たとえば小学校で。授業がすべてiPadを活用して行われるようになったら、学校はどうなるだろう?
たとえばテレビ局で。キャスター以外すべてロボットの無人スタジオでニュース番組を作ることは可能だろうか?
たとえば公民館で。地域の人が集まり最先端のテクノロジーを使いこなすコミュニティ活動が繰り広げられたら、どんなものが生まれてくるだろうか?
テクノロジーについて、「今後10~20年の間に、人間の仕事の約半分がAIやロボットに奪われる」といった危惧が喧伝される一方で、「働き方改革」などの文脈ではAIやロボットによって生産性が向上し、人手不足や長時間労働の問題を解決してくれるのではないかという期待も大きい。

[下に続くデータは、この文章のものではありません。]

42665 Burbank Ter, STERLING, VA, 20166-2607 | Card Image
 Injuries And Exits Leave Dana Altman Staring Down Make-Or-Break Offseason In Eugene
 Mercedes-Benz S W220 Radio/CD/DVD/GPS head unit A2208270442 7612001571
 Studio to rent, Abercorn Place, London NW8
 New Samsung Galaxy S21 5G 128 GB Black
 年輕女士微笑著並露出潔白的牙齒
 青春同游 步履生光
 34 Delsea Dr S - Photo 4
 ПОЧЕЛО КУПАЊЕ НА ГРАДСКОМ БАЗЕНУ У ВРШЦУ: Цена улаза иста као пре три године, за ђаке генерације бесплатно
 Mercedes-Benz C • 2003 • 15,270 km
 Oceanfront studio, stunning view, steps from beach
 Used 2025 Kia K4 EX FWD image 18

重要なことは、過度に恐れるのでも過剰に期待をかけるのでもなく、自分自身が主体的にテクロノジーにかかわり、活用していくことで、テクノロジーを「味方にする」ことではないだろうか。
テクノロジーと人の幸せな関係性を、私たちはこれからどのようにして築いていくべきか。オランダとデンマークの現場から、そのヒントを探っていく。
「落ちこぼれ」も「吹きこぼれ」も存在しない学校
あるとき1人の保護者が、自分が小学生だった30年前と同じ教育が今も学校現場で行われていることにふと気がつく。
情報端末の使用も禁じられており、そのあまりのアナログさ、世の中の実情との乖離に、「これは未来へ向けた教育ではない。1990年に戻るための教育ではないか」と疑問を感じたことから、新しい学校が生まれた。それが2013年に発足したスティーブ・ジョブズ・スクール(De Steve JobsSchool)だ。
オランダでは教育の自由が憲法で保障されており、各学校が独自の教育プログラムを採用できる。また、200人以上の保護者の同意が得られれば学校の新設も認められている。